Je demande à leurs auteurs de retirer ces amendements, à défaut de quoi je leur donnerai un avis défavorable, pour les raisons que j’ai déjà évoquées. Les questions posées par M. Nury s’adressent surtout au gouvernement ; je ne saurais m’exprimer à sa place.
Nous venons de décider, à l’initiative du groupe Droite républicaine, un moratoire sur les énergies renouvelables qui représente une catastrophe économique et industrielle. (Applaudissements sur les bancs du groupe RN, dont certains députés se lèvent.) Le sénateur Gremillet avait pourtant jugé sage, en dépit de ses réserves sur le sujet, d’essayer de trouver un compromis, ne serait-ce qu’au nom de l’emploi local. Par cet amendement adopté avec le soutien du Rassemblement national, la proposition de loi, pourtant elle-même issue des Républicains du Sénat, vient d’être radicalement modifiée. Monsieur le président, je demande une suspension de séance – je crois qu’elle est de droit – afin que chacun puisse retrouver ses esprits. (Rires et exclamations sur les bancs du groupe RN.)

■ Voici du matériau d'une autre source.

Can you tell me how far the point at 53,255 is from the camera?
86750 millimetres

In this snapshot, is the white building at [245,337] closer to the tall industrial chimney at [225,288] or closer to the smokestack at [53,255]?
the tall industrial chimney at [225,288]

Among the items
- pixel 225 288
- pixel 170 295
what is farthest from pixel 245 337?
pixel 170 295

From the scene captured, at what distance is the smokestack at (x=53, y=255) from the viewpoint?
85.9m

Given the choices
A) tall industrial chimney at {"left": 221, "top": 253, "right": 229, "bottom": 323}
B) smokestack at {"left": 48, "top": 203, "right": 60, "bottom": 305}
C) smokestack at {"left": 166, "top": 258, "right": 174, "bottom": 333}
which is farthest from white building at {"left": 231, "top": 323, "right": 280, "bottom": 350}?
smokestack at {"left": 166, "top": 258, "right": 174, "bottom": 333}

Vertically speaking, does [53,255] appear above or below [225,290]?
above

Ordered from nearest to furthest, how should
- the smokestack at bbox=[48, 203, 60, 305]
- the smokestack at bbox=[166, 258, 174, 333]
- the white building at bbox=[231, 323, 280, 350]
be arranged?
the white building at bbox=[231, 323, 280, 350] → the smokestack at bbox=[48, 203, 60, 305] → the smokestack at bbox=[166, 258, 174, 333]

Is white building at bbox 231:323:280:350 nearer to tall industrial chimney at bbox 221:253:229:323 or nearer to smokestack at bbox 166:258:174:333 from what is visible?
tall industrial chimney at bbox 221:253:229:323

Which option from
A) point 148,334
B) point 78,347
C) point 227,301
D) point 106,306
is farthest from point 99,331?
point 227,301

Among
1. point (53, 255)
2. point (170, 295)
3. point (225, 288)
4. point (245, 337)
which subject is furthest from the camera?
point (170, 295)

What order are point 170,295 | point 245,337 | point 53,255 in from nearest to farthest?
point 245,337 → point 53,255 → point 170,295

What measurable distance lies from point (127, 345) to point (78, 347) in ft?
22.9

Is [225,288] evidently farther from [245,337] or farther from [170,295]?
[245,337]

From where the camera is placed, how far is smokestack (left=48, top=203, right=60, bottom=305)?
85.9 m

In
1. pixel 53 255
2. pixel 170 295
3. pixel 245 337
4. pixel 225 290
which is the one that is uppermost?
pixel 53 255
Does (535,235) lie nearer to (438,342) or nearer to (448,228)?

J’aimerais demander un éclaircissement au groupe Droite républicaine. Vous avez déposé un amendement, adopté souverainement par la représentation nationale, visant à instaurer un moratoire sur les projets d’énergie renouvelable électrique. Plus tôt, votre groupe – une personne était présente – a voté l’amendement n o 601 de Mme Battistel tendant à porter à au moins 200 térawattheures la production d’énergie renouvelable électrique sur le sol français. J’ai pris note des propos que vous venez de tenir, monsieur Nury, et j’y vois un signe d’ouverture, après la fermeture totale que représentait votre amendement. Pour que nous puissions poursuivre les débats sereinement, peut-être pourriez-vous formuler le souhait que cette disposition évolue, puisque votre groupe a voté pour l’objectif consistant à produire 200 térawattheures d’énergie renouvelable électrique ?

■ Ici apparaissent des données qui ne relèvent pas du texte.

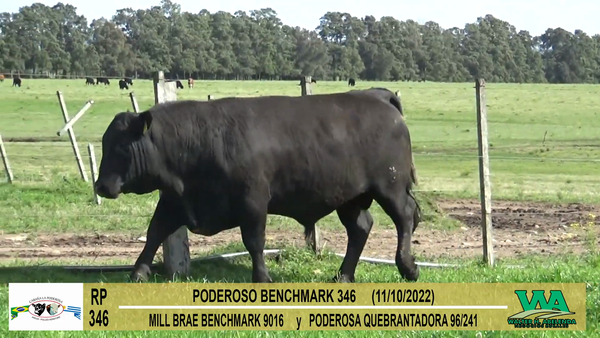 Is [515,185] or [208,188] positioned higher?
[208,188]

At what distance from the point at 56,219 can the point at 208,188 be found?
6.35 m

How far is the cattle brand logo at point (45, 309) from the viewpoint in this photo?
695cm

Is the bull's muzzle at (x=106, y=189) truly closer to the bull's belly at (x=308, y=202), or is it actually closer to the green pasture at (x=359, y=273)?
the green pasture at (x=359, y=273)

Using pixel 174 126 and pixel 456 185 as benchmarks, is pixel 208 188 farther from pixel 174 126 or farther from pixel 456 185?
pixel 456 185

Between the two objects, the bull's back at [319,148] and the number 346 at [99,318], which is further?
the bull's back at [319,148]

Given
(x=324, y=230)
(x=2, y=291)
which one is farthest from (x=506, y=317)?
(x=324, y=230)

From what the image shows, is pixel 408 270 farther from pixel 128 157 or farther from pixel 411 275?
pixel 128 157

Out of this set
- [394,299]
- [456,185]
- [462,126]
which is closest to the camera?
[394,299]

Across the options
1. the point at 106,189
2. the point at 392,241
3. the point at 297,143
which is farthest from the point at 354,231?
the point at 392,241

Je demande une suspension de séance de cinq minutes.
J’en profite, monsieur le président, pour vous remercier de nous avoir accordé une deuxième suspension de séance. J’ai deux choses à vous dire. Premièrement, je suis défavorable à l’amendement n o 230. Deuxièmement, j’ai exprimé tout à l’heure mon désaccord profond avec l’amendement qui a été voté mais je veux aussi exprimer mon désaccord profond avec l’idée selon laquelle, parce que la représentation nationale adopte un amendement avec lequel on est fondamentalement en désaccord, on devrait éteindre la lumière et arrêter d’examiner un texte. Ce n’est pas ma conception de la démocratie. (Applaudissements sur plusieurs bancs des groupes RN et UDR. – Mme Sophia Chikirou s’exclame.) Vous pouvez me crier dessus : ça ne changera pas grand-chose, madame Chikirou.

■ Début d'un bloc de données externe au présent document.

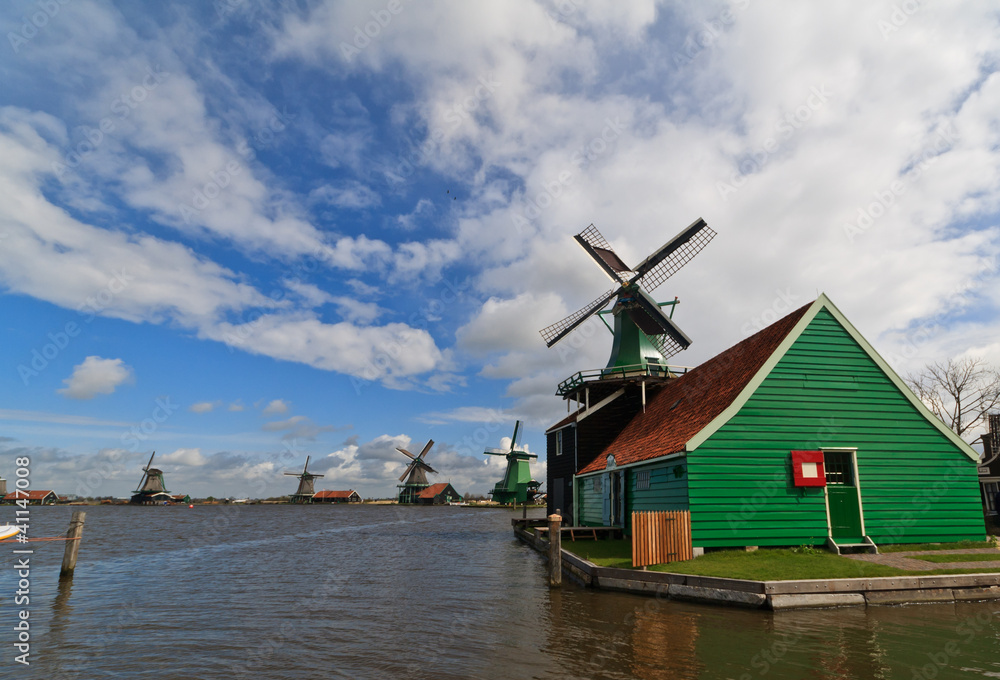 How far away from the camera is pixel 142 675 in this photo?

Quel que soit notre avis sur l’amendement qui a été adopté et sur l’article qui a été amendé, il y aura un vote, au cours duquel chacun pourra s’exprimer en conscience. Je n’ose imaginer l’image que nous renverrions à nos concitoyens si, dès qu’un amendement qui nous est insupportable est voté, nous arrêtions de discuter et nous rentrions chez nous. Ce n’est pas, à mon avis, une bonne manière de discuter de la politique énergétique en général, ni de ce point en particulier.
J’anticipe que ce n’en est pas vraiment un…
Je demande une suspension de séance de cinq minutes pour échanger avec l’ensemble des groupes qui le voudront bien.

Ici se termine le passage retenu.